Are unstable particles ever "real"?
One has to have in the way of thinking a clear distinction between experimental observables and the mathematical models used to describe the observables. Virtual particles are defined within a quantum field theory model, here as an example electron electron scattering:
This diagram has a one to one correspondance with an integral of QFT which will give when calculated the probability of electron electron scattering, the crossection, a measurable quantity experimentaly. The theoretical model fits the data very well.
So within QFT virtual is definde as a line that has all the quantum numbers of the named particle, its mass in the propagator that will be integrated over, BUT the four vector (special relativity enters here) that describes this internal line is variable within the limits of integration. This is why it is called virtual, because for a real particle the four vector should equal the mass of the real paticle.
So real particles are the ones that are on the mass shell, and these are external lines in the QFT Feynman diagram.
So it is in the hands of the investigator using the QFT model to fit the data, what limits to the integration he/she will use , and of course it depends on the problem at hand to decide which will be real four vectors and which will be virtual, inside the diagram. See the tau decay feynman diagram:
Depending on the experimental data one wants to fit , one can decide about internal or external lines. For example a simple detection of a tau to mu+ neutrino mu, real particles would only need a diagram (integral) of a W virtual, i.e. off mass shell.
It depends on the experimental data fitted what defines virtual or not, what mathematical model is used.
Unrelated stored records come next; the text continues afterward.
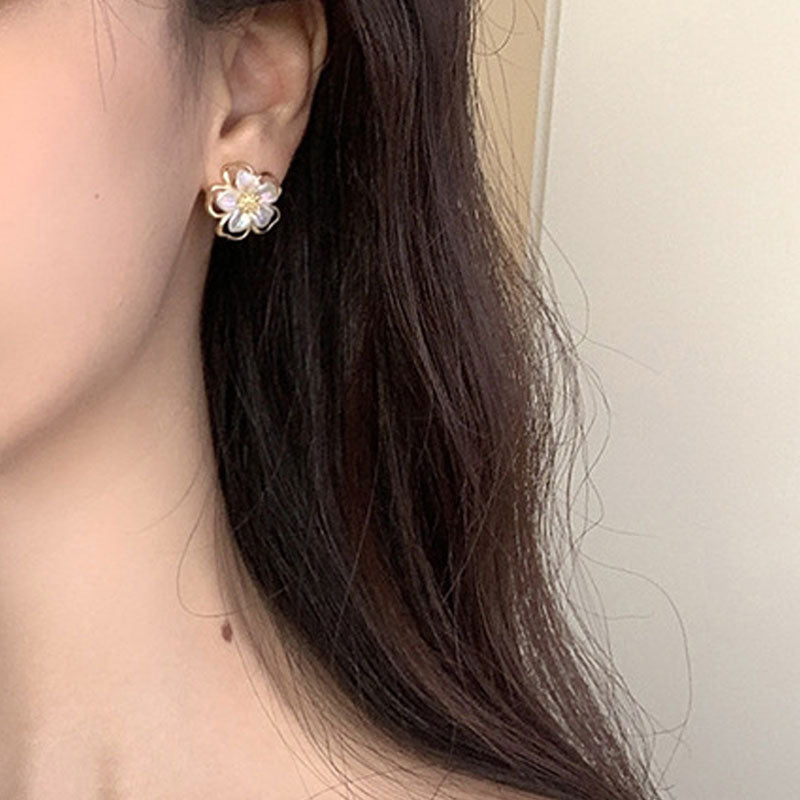 Elegant Openwork Floral Stud Earrings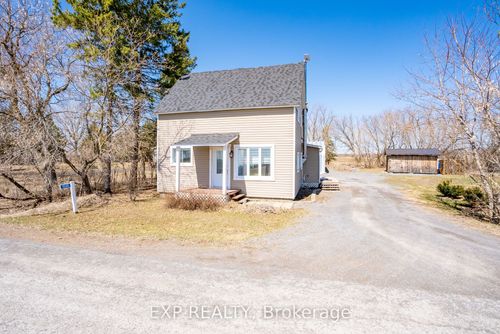 1546 Rte 800 W, St Albert, ON, K0A3C0 | Card Image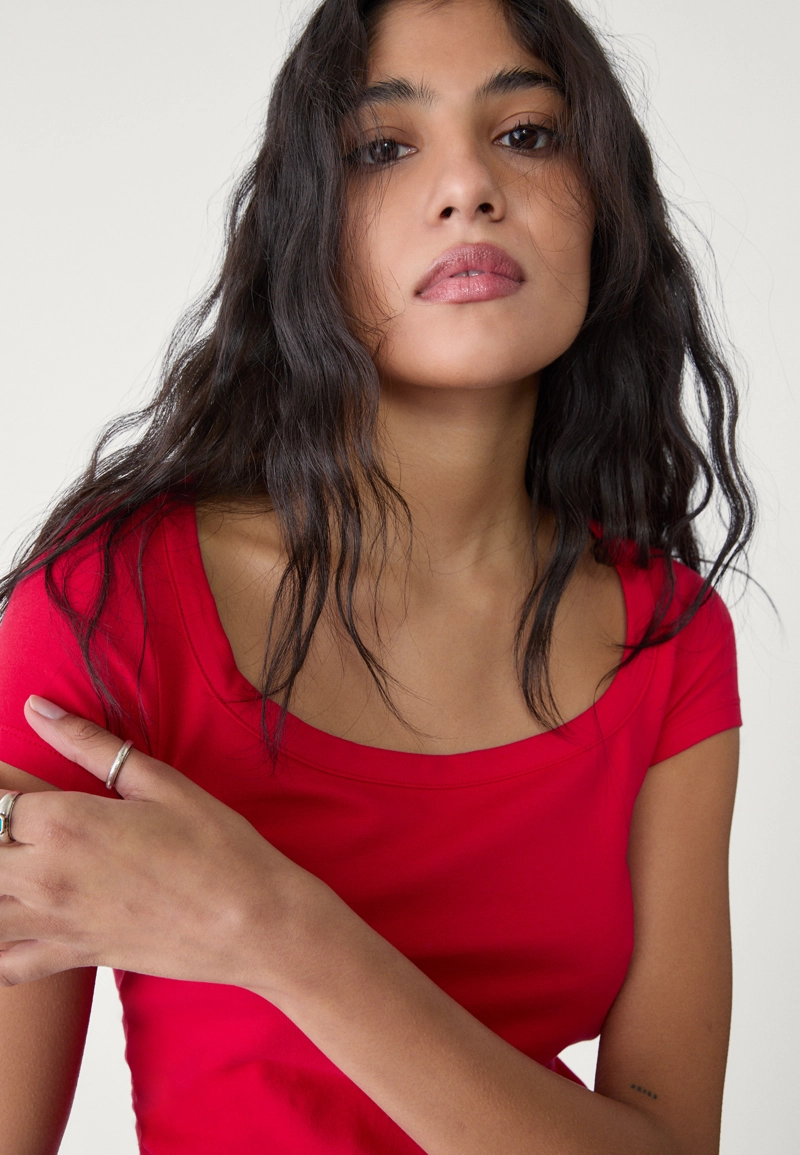 Футболка с квадратным вырезом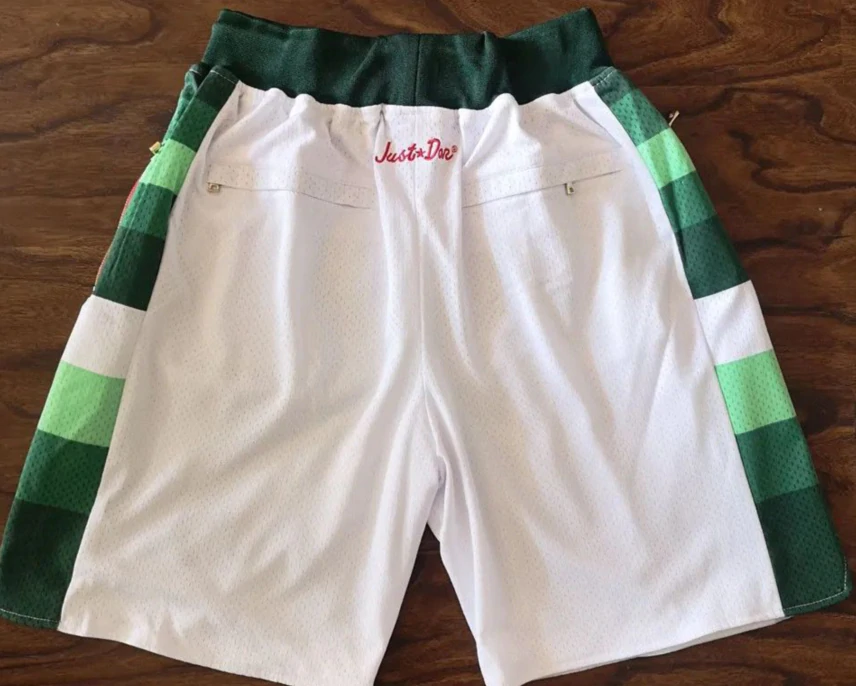 MILWAUKEE BUCKS RETRO SHORTS | Ball Drip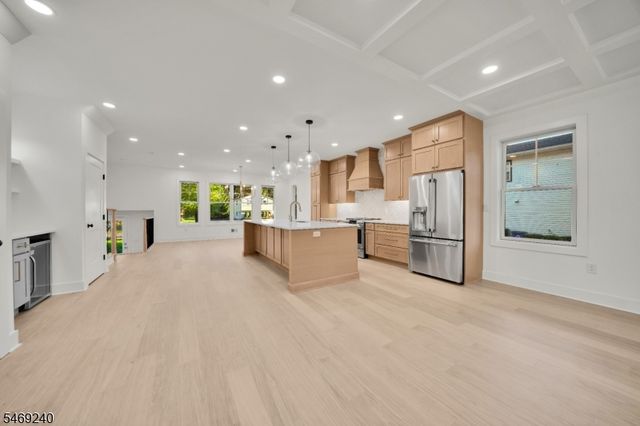 349 Charnwood Rd, New Providence Boro, NJ 07974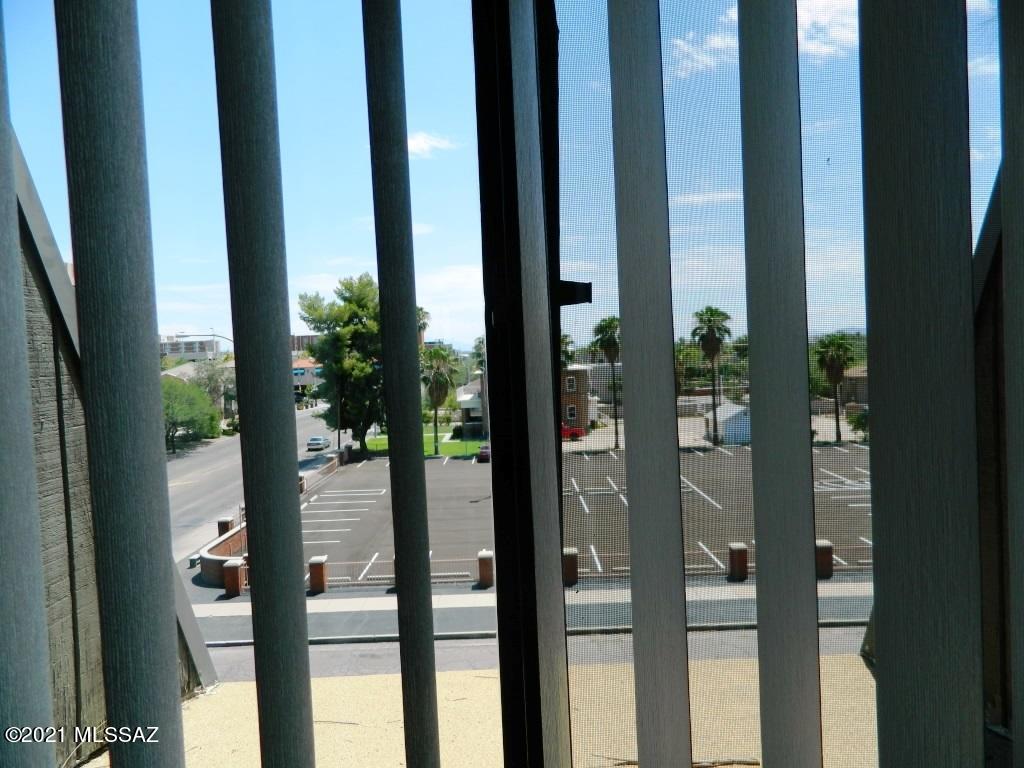 901 N Euclid Avenue Unit: 203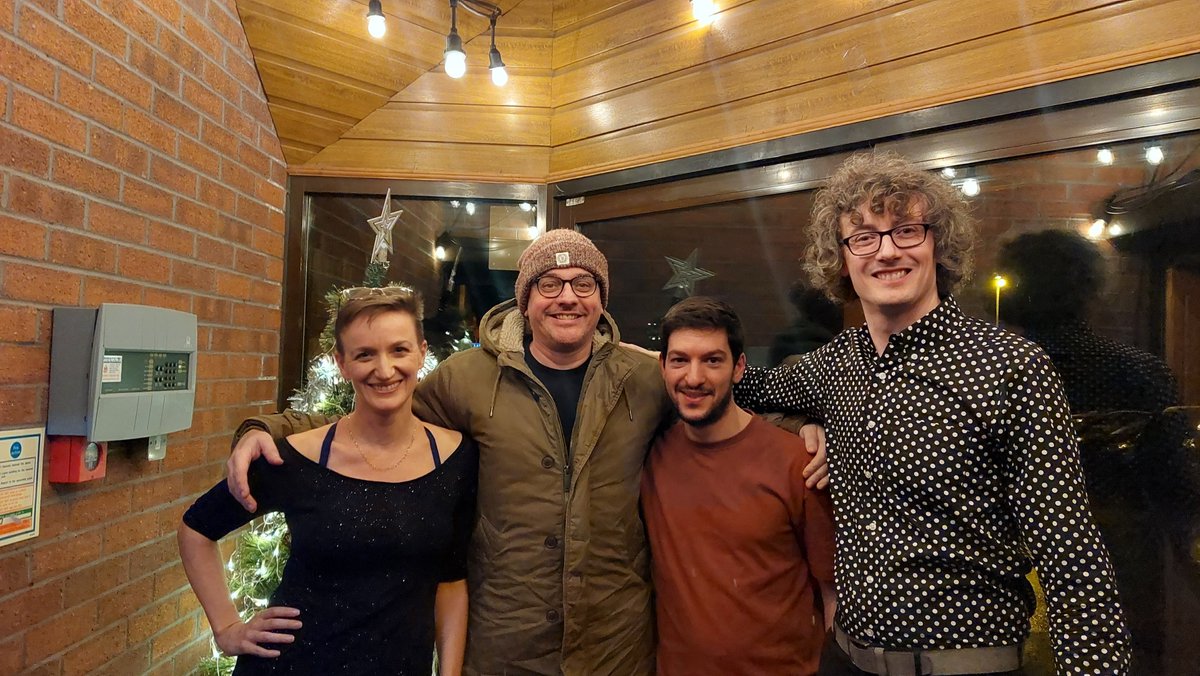 What a wonderful Christmas bash we had last night in Eccles, full on party time with the hilariously funny <a href="/Cruella1/">Kate Smurthwaite</a> <a href="/JacobNussey/">Jacob Nussey</a> <a href="/alxboardman/">alex boardman</a> <a href="/ConnellLuke/">Luke Connell Sunderland</a> 
Kate looked like a little angel with the star on the Christmas tree! 😇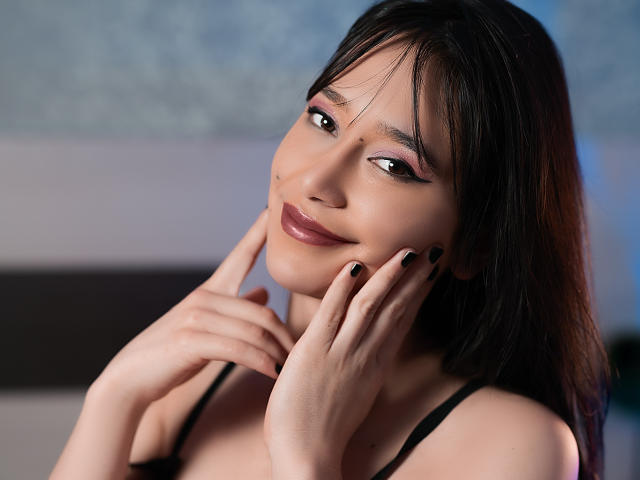 ValerieDiaz - Live porn &amp; sex cam - 13484472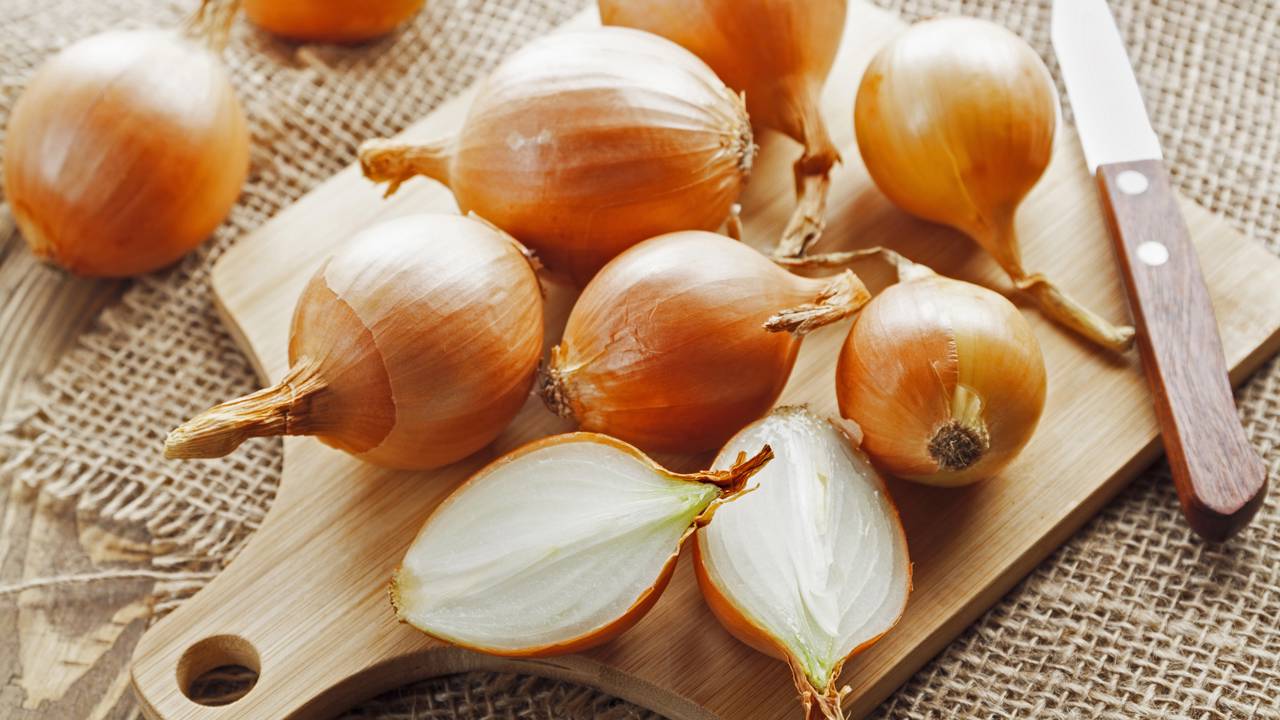 Guardar cebolas corretamente evita brotos e ainda mantém o sabor por mais tempo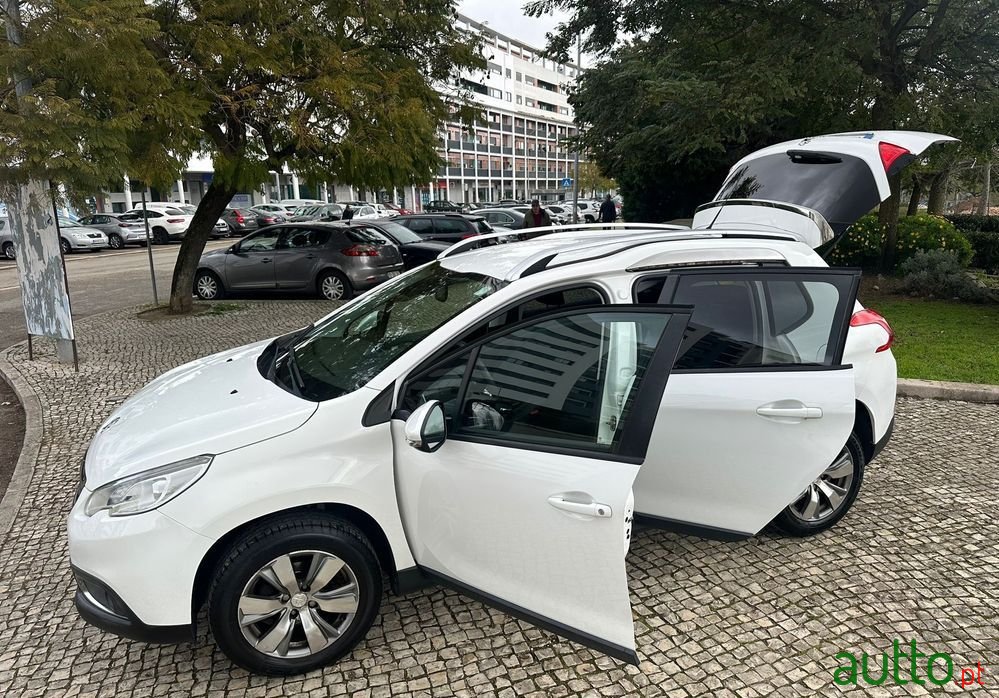 2013' Peugeot 2008 1.2 Vti Active photo #3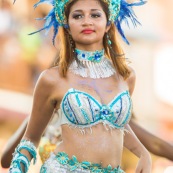 Carnaval de Guyane. Parade de Kourou 2017. Deguisement. Touloulou. Masques. Costumes. Marionnettes. Diables rouges. Noir marron. Neg marron. Balayeuses.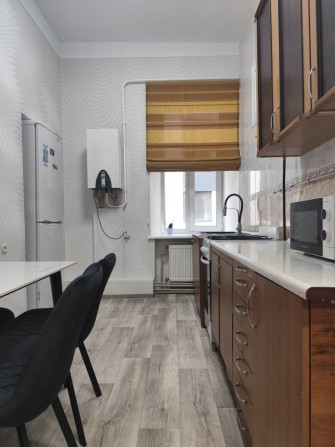 Продаж 2к Цунтр ЦУМ Сталінка - фото 1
It is not simple but it works in fitting the data.
The entire formalism of Feynman diagrams and computing scattering cross sections relies on the S-matrix which computes the scattering amplitude of asymptotically free states. So in a purely strict formalism it only makes sense to apply it to particles where both the initial state and final state are absolutely stable. But often times there is a separation of scales such that it is ok to approximate some particles as stable and do your calculation. Generally if your final state particle decays on a timescale that is much larger than the timescale of the hard interaction you are considering then it is ok to treat it as 'stable'. Remember that time and energy and inversely related.
For example in a diagram like this:
The time/energy scale of the Z decay is the same as the interaction that produced the Z so it would not make sense ignore the decay to muons. However the muons themselves, while technically unstable, will take a very long time to decay, they even interact with a detector before they do! So it is a very good approximation to treat them as 'stable' for this calculation and not include their decay in the diagram.